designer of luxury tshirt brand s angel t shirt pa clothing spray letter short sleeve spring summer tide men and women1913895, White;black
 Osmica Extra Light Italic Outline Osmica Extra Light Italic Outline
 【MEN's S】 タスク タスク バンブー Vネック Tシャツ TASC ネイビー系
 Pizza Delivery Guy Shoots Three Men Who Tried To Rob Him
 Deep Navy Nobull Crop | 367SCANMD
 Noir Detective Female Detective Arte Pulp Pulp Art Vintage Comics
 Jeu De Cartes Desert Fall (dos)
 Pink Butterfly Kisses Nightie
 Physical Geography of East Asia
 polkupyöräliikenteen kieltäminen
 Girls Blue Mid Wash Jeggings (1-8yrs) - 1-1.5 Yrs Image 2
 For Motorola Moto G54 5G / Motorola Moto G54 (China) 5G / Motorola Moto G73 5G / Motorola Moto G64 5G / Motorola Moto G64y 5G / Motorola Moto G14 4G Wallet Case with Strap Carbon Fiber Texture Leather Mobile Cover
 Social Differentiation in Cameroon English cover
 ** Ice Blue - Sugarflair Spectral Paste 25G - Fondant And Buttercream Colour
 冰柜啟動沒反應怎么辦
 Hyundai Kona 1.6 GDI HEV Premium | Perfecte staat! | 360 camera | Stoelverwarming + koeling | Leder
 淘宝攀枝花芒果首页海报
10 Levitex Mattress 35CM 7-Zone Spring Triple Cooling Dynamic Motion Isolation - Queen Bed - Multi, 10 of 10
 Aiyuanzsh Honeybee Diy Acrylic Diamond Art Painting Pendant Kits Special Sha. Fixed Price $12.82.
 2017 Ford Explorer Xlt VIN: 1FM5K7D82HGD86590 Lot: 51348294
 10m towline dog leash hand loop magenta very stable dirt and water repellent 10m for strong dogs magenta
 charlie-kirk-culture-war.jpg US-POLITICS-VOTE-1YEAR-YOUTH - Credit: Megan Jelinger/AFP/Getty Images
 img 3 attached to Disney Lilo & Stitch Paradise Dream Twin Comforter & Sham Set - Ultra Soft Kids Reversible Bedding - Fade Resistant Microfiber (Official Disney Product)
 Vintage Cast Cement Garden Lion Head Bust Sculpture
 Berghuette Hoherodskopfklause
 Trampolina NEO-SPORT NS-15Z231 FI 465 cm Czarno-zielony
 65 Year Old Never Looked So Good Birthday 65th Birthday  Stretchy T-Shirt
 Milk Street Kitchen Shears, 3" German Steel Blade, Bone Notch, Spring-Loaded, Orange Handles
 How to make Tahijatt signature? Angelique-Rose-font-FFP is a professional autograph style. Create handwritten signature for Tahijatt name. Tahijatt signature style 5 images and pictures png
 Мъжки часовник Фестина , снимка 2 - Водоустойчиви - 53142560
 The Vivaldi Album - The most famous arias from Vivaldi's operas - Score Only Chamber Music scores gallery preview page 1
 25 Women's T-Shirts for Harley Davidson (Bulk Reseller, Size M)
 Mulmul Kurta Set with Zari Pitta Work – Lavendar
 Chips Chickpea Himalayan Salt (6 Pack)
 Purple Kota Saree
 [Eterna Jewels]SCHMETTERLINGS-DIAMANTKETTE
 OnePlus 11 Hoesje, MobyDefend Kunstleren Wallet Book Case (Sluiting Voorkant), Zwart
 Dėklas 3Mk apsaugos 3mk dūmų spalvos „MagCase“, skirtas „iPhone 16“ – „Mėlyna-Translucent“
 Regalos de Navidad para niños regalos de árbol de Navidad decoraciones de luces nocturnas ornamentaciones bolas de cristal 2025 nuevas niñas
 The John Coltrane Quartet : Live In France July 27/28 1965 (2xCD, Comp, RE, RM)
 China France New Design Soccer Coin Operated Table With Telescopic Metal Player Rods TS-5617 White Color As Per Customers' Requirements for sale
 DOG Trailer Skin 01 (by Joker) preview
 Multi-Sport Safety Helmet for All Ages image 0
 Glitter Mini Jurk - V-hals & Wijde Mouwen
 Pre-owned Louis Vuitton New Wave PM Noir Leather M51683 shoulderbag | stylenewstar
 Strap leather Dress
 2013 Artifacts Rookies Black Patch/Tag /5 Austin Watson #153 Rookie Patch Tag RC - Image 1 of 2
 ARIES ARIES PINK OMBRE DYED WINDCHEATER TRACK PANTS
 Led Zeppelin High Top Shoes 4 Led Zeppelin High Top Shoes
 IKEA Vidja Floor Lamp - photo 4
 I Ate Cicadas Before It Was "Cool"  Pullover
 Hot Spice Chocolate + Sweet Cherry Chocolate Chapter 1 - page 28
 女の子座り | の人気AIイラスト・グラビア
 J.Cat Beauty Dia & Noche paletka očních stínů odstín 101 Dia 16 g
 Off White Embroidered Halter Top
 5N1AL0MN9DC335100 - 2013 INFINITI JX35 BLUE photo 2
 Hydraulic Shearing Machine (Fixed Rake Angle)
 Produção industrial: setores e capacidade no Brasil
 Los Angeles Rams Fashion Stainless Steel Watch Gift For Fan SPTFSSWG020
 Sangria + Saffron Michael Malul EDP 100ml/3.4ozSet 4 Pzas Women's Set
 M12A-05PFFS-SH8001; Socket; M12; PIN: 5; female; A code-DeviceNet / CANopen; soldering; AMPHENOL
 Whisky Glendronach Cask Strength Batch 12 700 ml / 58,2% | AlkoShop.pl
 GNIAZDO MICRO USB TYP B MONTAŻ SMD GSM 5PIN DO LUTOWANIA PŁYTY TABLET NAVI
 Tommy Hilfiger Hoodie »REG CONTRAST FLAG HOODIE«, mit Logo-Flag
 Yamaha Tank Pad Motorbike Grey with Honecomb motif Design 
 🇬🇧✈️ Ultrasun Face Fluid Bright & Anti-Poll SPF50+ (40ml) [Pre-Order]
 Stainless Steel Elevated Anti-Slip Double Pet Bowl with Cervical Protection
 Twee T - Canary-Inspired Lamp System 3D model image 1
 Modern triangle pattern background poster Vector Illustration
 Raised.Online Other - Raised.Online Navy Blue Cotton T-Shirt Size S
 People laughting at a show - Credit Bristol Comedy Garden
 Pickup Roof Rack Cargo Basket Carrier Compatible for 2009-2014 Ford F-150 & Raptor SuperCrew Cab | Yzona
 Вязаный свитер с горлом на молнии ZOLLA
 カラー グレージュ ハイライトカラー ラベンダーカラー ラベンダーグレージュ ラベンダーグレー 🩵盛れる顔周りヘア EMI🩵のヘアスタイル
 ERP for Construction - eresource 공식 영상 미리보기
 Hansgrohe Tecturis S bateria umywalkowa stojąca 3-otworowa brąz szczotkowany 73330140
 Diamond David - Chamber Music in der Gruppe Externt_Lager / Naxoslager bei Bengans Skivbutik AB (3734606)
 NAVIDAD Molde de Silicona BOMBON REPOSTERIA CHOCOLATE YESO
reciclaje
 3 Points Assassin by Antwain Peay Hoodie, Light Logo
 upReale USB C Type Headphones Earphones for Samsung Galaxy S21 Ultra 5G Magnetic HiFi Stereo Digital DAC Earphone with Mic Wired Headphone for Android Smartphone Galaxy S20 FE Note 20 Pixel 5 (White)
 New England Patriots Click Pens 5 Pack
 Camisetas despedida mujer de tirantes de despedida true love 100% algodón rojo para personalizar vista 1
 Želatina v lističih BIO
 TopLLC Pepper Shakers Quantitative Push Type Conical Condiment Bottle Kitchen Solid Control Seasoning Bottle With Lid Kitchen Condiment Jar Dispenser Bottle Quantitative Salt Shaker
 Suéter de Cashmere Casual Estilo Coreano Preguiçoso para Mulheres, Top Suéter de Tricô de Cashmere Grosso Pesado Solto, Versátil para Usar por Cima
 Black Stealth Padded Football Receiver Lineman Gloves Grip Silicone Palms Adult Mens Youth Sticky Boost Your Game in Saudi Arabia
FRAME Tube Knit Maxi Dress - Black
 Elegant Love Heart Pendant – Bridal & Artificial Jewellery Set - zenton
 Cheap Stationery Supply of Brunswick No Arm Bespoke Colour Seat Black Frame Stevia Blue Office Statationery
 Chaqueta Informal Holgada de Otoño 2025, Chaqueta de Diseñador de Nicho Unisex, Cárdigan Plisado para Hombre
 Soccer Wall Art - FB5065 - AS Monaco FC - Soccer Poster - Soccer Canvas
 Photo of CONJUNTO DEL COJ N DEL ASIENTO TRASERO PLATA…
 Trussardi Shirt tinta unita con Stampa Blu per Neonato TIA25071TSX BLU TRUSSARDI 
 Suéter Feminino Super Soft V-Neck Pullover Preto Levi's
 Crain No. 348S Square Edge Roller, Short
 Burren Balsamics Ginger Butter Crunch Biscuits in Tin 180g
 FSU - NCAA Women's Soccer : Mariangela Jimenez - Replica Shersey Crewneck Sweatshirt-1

━━━━━━━━━━━━━━━━

Task instructions: The lines to return are those with the string "Size" in them; copy each from the entries above.

Written answer:
 25 Women's T-Shirts for Harley Davidson (Bulk Reseller, Size M)
 Raised.Online Other - Raised.Online Navy Blue Cotton T-Shirt Size S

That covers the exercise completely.